Over time, these exclusive contracts have been won by a shrinking number of ever larger manufacturers. In 2015, Abbott, the company whose plant closure triggered current shortages, held WIC contracts in 23 states. Now the number is at least 31. “There are only a few manufacturing plants in the country, and there are four infant-formula companies that control about 90 percent of the supply in the United States,” Dittmeier told me. “It’s a highly concentrated market with a highly concentrated production capacity, so that when one plant is taken offline for just a period of weeks, you see these ripple effects throughout the entire sector.”
Formula manufacturers, like any other for-profit companies, tend to do what’s best for their balance sheets. Snapping up as many exclusive statewide contracts as possible helps to muscle out competition. Running fewer, larger manufacturing plants is more cost-efficient than having more, smaller plants around the country, even if that redundancy would reduce the risk of catastrophic shortages. Extreme consolidation of the country’s infant-nutrition industry affects everyone, not just WIC recipients. “You have to consider whether there are implications to both the availability and the price of [the] product, if such a large customer base is limited to a specific brand,” Dittmeier said. According to a 2004 study from the Department of Agriculture, when a manufacturer wins an exclusive WIC contract, it raises prices on all of its products within that state.
American parents’ current plight could have been mitigated or prevented in many different ways. A host of federal policy changes could decrease demand for formula or ameliorate the market’s brittleness: Guaranteed paid parental leave—something all other rich countries provide—would make it possible for more mothers to breastfeed exclusively, if they’re so inclined.

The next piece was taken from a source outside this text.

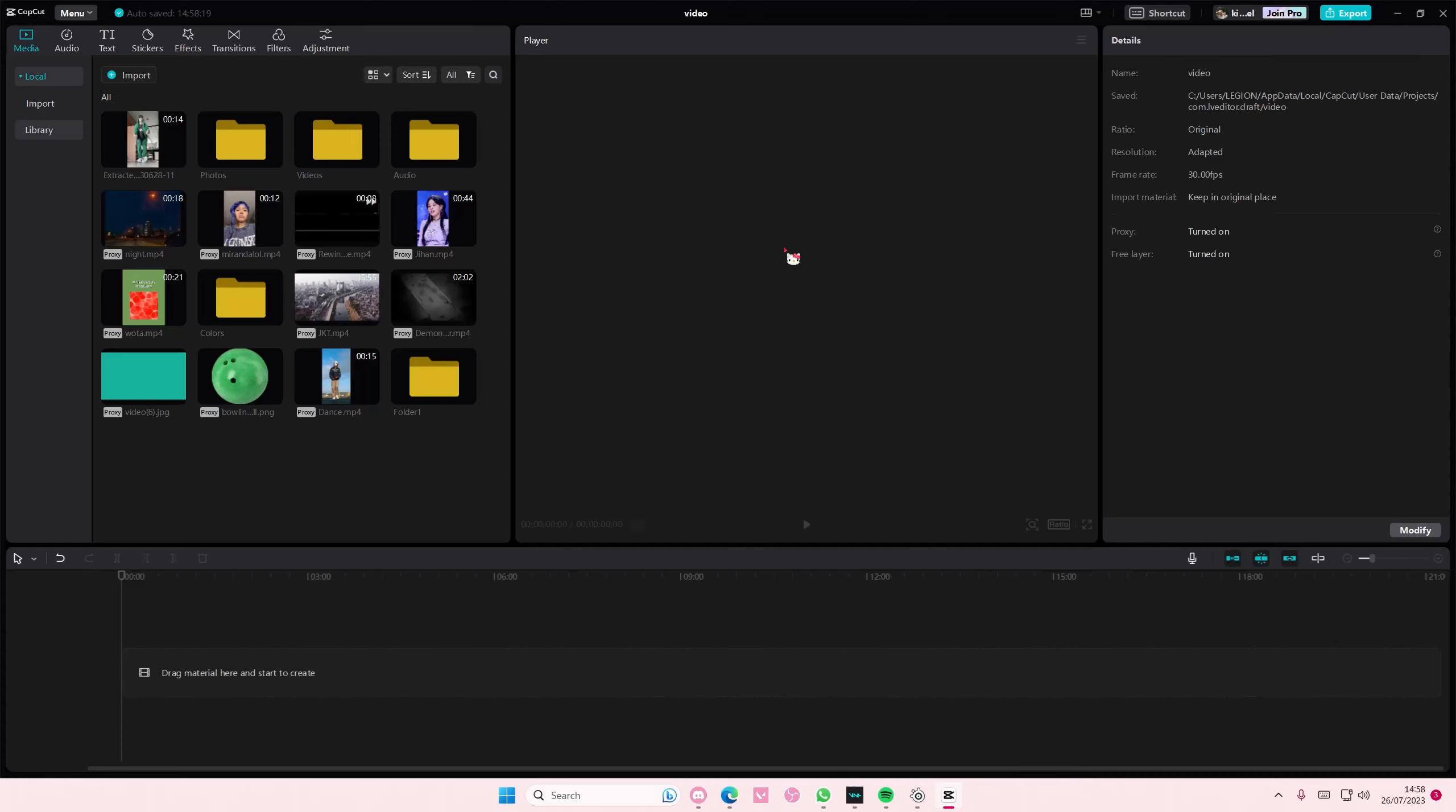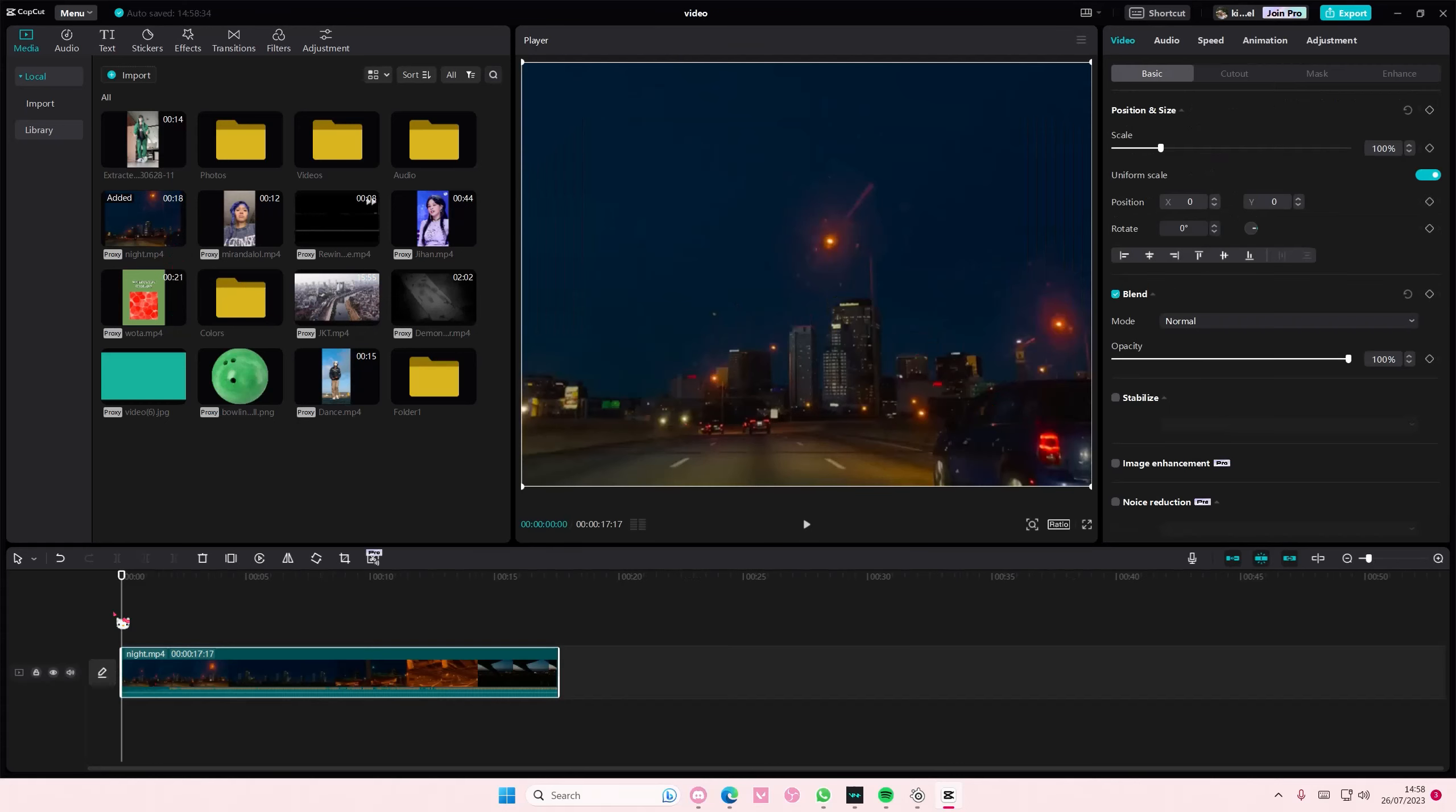Hey guys and welcome back to this channel. In this video I will be showing you guys how you can create this fast zoom in effect on CapCut PC.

Universal prenatal care would better prepare low-income mothers to solve common problems that preclude breastfeeding. Regulators could crack down on formula marketers, who have a long history of employing tactics that a United Nations report recently described as “pervasive, misleading, and aggressive”—and of using these tactics to pursue low-income Black moms in particular. The federal government could take a more active role in ensuring that reserves of vital goods are always available, or require manufacturers that win public contracts to guarantee certain types of redundancy in their supply chains. And reforming WIC contracts to allow multiple manufacturers to supply rebated formula within a state would encourage a healthier, more stable nutritional-formula industry.
But even among people who have dedicated their professional lives to addressing the country’s infant-nutrition and family-safety-net problems, what has transpired over the past few weeks has been a shock. “I think everyone was taken aback, especially by the sudden collapse of the whole system,” Steven Abrams told me. “Nobody predicted that.”